Raya Dunayevskaya
Appearance
Raya Dunayevskaya (May 1, 1910 – June 9, 1987), born Raya Shpigel, later Rae Spiegel, also known by the pseudonym Freddie Forest, was an American Marxist humanist.
Quotes
[edit]- Let me examine the alleged "distinction from capitalism" characteristic of the Soviet Union and see whether it isn't a distinction from a certain stage of capitalism rather than from capitalism as a whole. The determining factor in analyzing the class nature of a society is not whether the means of production are the private property of the capitalist class or are state-owned, but whether the means of production ... are monopolized and alienated from the direct producers. The Soviet Government occupies in relation to the whole economic system the position which a capitalist occupies in relation to a single enterprise. ... "Bureaucratic state socialism" is an irrational expression behind which there exists the real economic relation of state-capitalist-exploiter to the propertyless exploited.

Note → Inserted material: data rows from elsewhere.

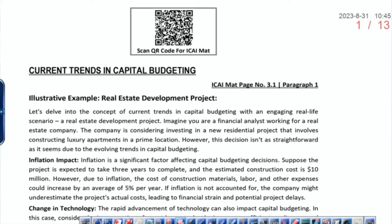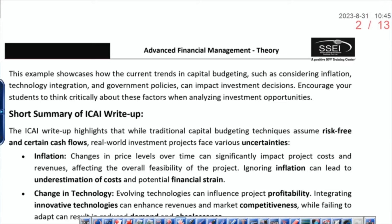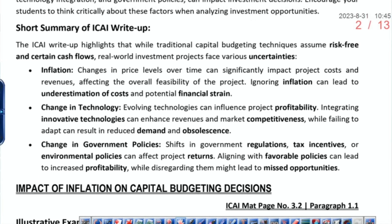The current trends affecting capital budgeting are inflation, technology, and government policy. How to incorporate inflation in capital budgeting — because many countries also have hyperinflation, where inflation is out of control. The entire year 2022 was a year of inflation. Technology can impact decisions because technology change can make a product or service redundant — obsolete. Government policy impact: for example, the government promoted electric vehicles by giving heavy subsidies — direct impact on capital budgeting. Also, the government imposed heavy taxes on the gaming industry — direct impact. So technology, government policy, and inflation are the current trends.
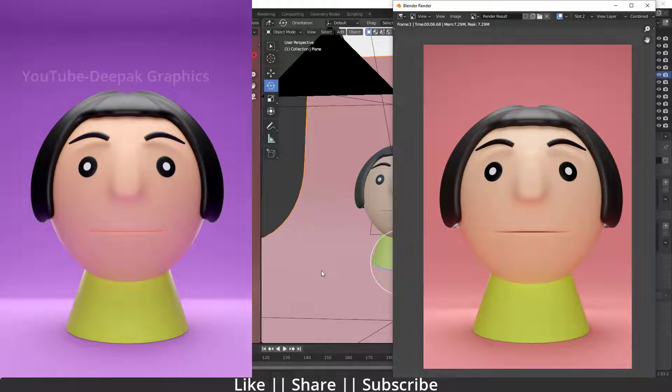Hello everyone, welcome to my YouTube channel. In this video we're going to talk about how we can add lighting into our scene. In the last three previous videos we already talked about modeling, adding materials to different parts, and adding shape keys. If you haven't watched those three videos yet, make sure you watch them first, then come here, because this is the final tutorial in that series.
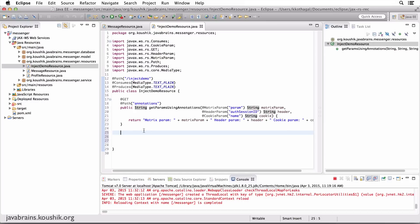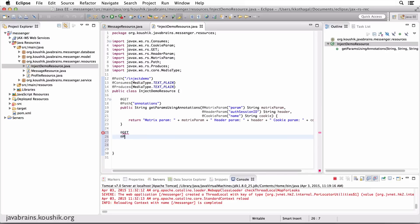And that is using the context. So I'm going to create one more demo method here to demonstrate a way to access these values using the context.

- "The Union of Soviet Socialist Republics is a Capitalist Society" (1941), in Russia: From Proletarian Revolution to State-Capitalist Counter-Revolution (2017), p. 210
Quotes about Raya Dunayevskaya
[edit]- Raya Dunayevskaya was a major thinker in the history of Marxism and of women's liberation-one of the longest continuously active woman revolutionaries of the twentieth century. In fierce intellectual and political independence, her life and work defied many mind-numbing labels that self-described conservatives, liberals, and radicals have applied to voices for political and social change.
- Adrienne Rich Arts of the Possible (2001)
- But Sisyphus is not, finally, a useful image. You don't roll some unitary boulder of language or justice uphill; you try with others to assist in cutting and laying many stones, designing a foundation...Another was Raya Dunayevskaya, who wrote vividly and trenchantly of the concrete revolutionary lives of women, and whose fusion of Marx's humanism with contemporary feminisms expanded my sense of the possibilities of both.